Description of the task ▸ Find the string "Volkswagen" in the records and copy each line where it occurs.

Information supplied below:

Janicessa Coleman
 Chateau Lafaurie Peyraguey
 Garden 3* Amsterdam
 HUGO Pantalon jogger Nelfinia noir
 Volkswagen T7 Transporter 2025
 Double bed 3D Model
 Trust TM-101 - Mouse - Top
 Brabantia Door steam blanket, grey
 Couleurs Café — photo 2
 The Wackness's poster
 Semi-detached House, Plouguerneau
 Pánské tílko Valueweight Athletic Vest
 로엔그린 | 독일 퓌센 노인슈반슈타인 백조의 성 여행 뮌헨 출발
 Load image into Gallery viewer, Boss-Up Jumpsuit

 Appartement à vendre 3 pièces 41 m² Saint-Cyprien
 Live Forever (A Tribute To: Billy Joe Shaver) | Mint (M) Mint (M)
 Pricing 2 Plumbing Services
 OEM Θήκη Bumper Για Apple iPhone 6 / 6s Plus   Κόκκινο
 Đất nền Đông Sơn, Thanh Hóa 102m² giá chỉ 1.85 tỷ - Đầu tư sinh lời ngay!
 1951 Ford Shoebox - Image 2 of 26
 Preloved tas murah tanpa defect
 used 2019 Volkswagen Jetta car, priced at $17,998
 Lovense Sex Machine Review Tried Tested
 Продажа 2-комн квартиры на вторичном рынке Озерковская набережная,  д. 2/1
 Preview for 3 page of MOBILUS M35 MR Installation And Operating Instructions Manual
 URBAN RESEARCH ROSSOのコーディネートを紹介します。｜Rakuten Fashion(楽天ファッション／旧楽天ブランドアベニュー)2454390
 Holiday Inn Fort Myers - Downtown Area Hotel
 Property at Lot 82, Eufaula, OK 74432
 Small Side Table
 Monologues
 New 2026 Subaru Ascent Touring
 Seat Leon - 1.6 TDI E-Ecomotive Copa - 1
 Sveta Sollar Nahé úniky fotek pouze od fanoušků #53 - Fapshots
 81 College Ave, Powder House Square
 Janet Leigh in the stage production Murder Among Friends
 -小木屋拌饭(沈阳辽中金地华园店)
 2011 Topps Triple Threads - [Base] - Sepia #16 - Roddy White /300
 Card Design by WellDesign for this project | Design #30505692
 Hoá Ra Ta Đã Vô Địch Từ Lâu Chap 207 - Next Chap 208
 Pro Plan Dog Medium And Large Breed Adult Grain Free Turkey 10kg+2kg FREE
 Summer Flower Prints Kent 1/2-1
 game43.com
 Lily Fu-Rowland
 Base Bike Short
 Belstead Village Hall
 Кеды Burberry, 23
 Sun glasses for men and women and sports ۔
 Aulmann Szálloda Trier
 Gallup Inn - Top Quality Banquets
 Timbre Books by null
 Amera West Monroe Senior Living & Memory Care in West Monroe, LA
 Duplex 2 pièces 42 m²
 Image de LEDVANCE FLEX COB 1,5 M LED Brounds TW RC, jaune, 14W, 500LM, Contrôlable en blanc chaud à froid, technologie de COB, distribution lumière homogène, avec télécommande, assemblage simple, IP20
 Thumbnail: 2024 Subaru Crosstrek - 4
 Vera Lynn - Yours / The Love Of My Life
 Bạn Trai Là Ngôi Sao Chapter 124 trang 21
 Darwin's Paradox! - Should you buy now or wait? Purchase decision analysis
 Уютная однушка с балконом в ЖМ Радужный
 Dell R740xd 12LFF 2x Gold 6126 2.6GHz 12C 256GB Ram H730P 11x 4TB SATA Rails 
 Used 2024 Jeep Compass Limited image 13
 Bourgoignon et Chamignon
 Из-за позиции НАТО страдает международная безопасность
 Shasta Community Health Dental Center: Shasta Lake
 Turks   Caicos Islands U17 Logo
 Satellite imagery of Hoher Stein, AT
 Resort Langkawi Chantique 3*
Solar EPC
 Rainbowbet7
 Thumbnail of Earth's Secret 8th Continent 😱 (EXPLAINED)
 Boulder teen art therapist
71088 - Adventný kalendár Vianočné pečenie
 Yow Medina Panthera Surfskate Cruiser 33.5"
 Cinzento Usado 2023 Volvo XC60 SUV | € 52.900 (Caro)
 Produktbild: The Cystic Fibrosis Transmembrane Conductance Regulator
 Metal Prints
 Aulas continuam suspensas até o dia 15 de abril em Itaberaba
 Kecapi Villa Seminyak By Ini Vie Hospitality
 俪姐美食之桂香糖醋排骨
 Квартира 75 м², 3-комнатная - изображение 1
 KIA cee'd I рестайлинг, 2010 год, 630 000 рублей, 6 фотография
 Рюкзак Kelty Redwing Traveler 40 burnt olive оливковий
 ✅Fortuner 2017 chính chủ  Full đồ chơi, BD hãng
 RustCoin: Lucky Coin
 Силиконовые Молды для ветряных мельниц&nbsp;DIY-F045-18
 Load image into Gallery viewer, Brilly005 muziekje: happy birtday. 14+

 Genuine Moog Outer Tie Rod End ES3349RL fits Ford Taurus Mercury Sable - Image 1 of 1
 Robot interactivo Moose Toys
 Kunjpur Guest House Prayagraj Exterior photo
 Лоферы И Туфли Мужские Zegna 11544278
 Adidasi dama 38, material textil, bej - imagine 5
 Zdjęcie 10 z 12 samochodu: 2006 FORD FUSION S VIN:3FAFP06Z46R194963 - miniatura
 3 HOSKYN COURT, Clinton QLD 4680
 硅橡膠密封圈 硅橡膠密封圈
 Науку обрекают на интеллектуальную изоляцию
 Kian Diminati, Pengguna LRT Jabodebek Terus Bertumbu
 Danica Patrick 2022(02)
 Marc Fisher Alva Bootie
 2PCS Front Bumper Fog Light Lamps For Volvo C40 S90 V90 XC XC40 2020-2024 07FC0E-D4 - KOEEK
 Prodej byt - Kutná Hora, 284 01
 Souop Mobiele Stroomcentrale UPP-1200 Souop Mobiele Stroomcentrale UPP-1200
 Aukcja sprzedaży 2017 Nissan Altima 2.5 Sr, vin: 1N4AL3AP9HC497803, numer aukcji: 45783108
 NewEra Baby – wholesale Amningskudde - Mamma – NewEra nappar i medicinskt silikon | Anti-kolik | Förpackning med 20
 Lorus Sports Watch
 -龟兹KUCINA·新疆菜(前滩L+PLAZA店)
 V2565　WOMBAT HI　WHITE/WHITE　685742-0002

End of Information supplied.

Exercise output ▸
 Volkswagen T7 Transporter 2025
 used 2019 Volkswagen Jetta car, priced at $17,998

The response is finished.